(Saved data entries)
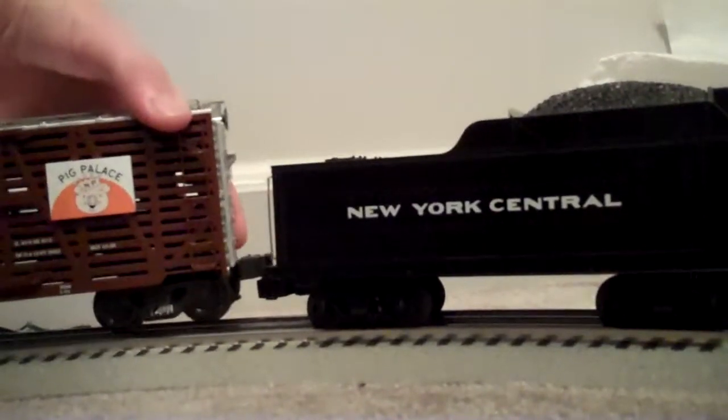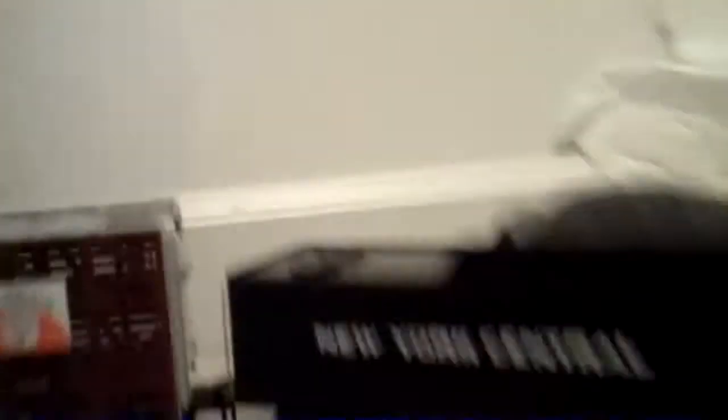It has an electric coupler on the end of the tether. This is TMCC controlled with real sounds. Let's start it up.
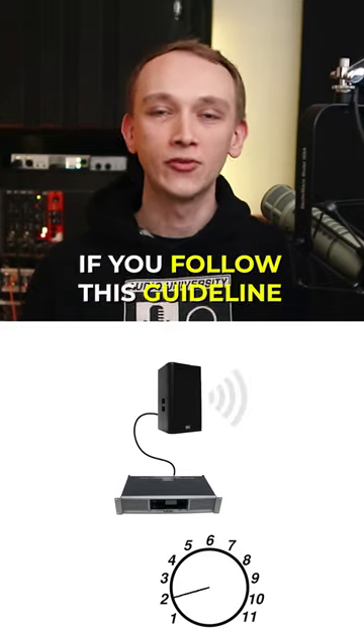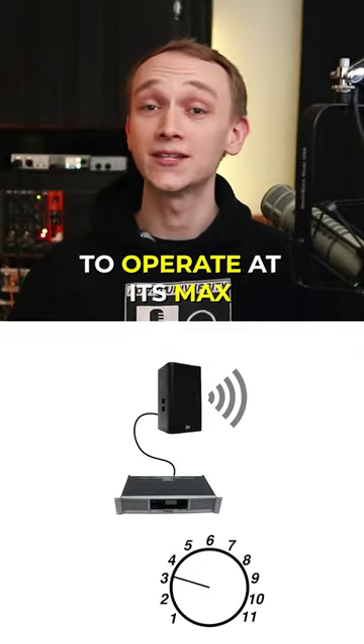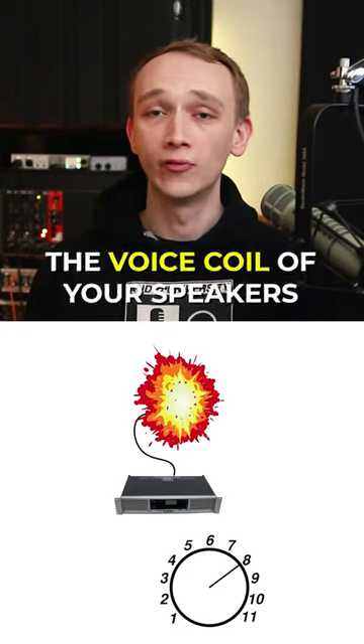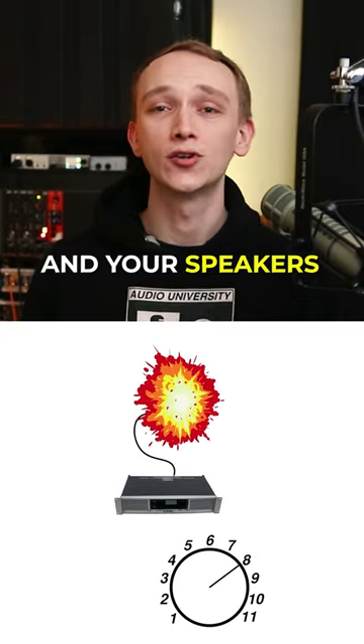You may hear this and think, won't that cause damage to my speakers? If you follow this guideline and you allow the amplifier to operate at its max power output, then yes, your speakers will not be capable of handling that power from the amplifier, the voice coil of your speakers will become excessively hot, and your speakers will be destroyed.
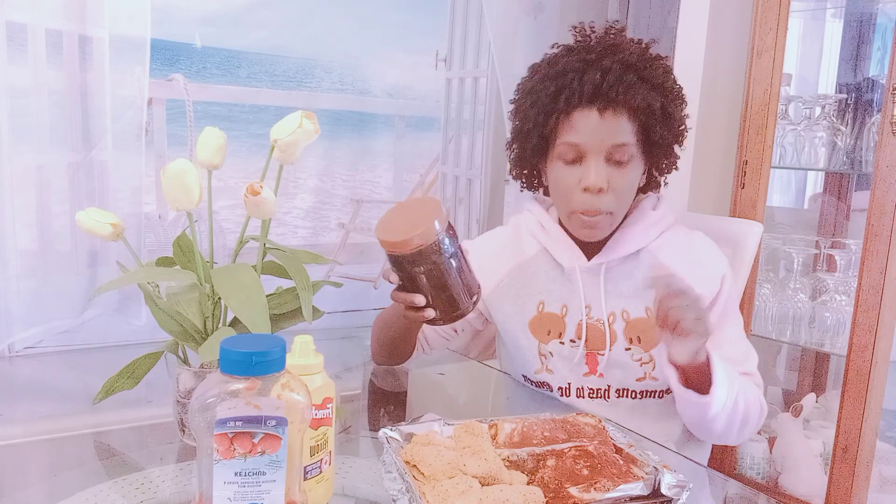I'll take you through the procedure for how you can get juicy pork ribs and crunchy chicken. It's chicken breast — I bought two chicken breasts, sliced them into cubes, and marinated them overnight. I haven't put it in the oven yet — I just wanted to show you how it looks before I cook it.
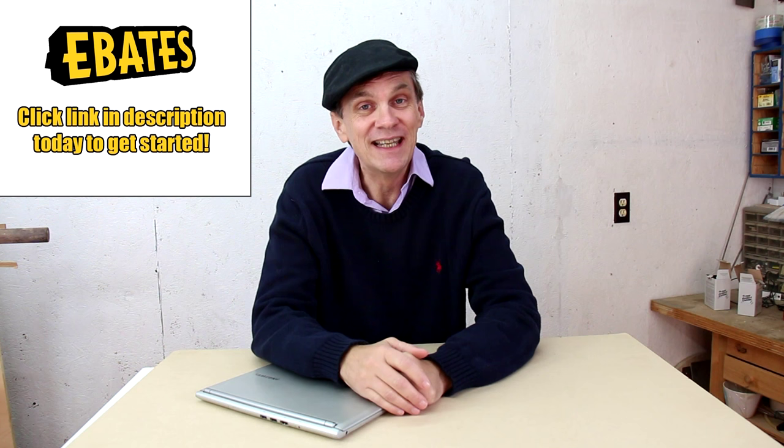So if you're like me and do a lot of online shopping and never leave the house or see people, I hope you'll try out Ebates. It's free to sign up and on your first purchase of $25 or more, Ebates will give you a $15 gift card. Click on the special link down below to get started.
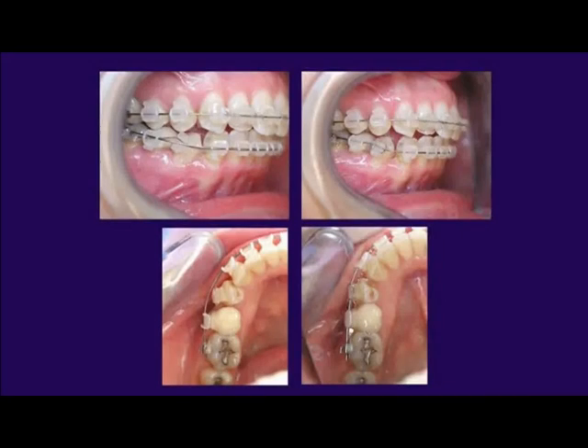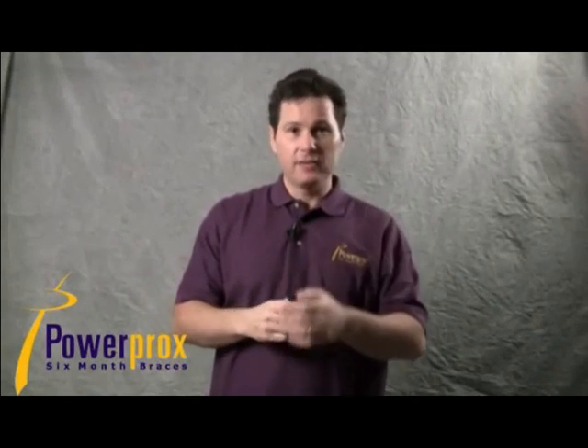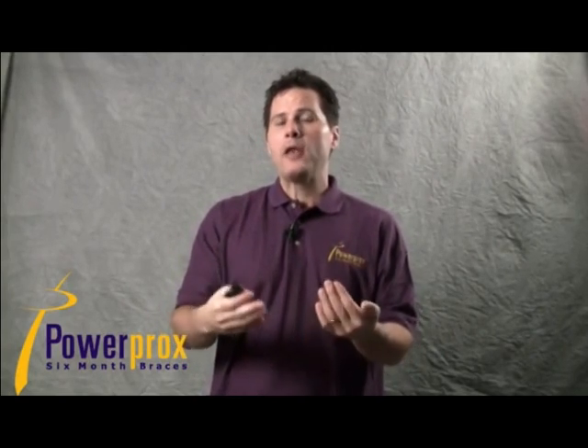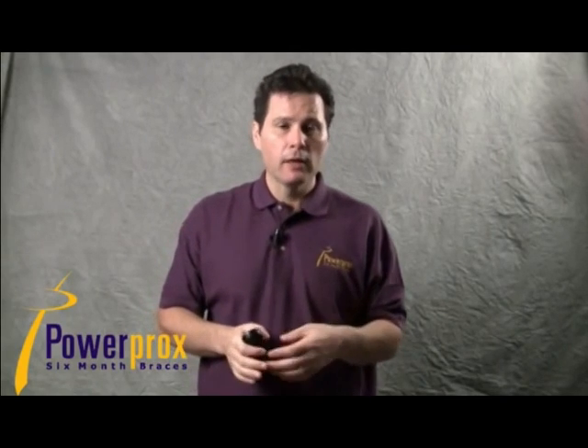In this clinical example, we're doing the alignment piggyback on a lower first bicuspid. The main wire is an 018 — either stainless steel or nickel titanium — and we piggyback a 014 nickel titanium going at least two teeth on either side. That regains shape memory and helps bring the tooth forward.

### [Exercise instructions]
Put down exactly the lines of the data above that run from its first line through the line bearing "You may hear", and no pictures.

### [Exercise response]
It has an electric coupler on the end of the tether. This is TMCC controlled with real sounds. Let's start it up.
You may hear this and think, won't that cause damage to my speakers? If you follow this guideline and you allow the amplifier to operate at its max power output, then yes, your speakers will not be capable of handling that power from the amplifier, the voice coil of your speakers will become excessively hot, and your speakers will be destroyed.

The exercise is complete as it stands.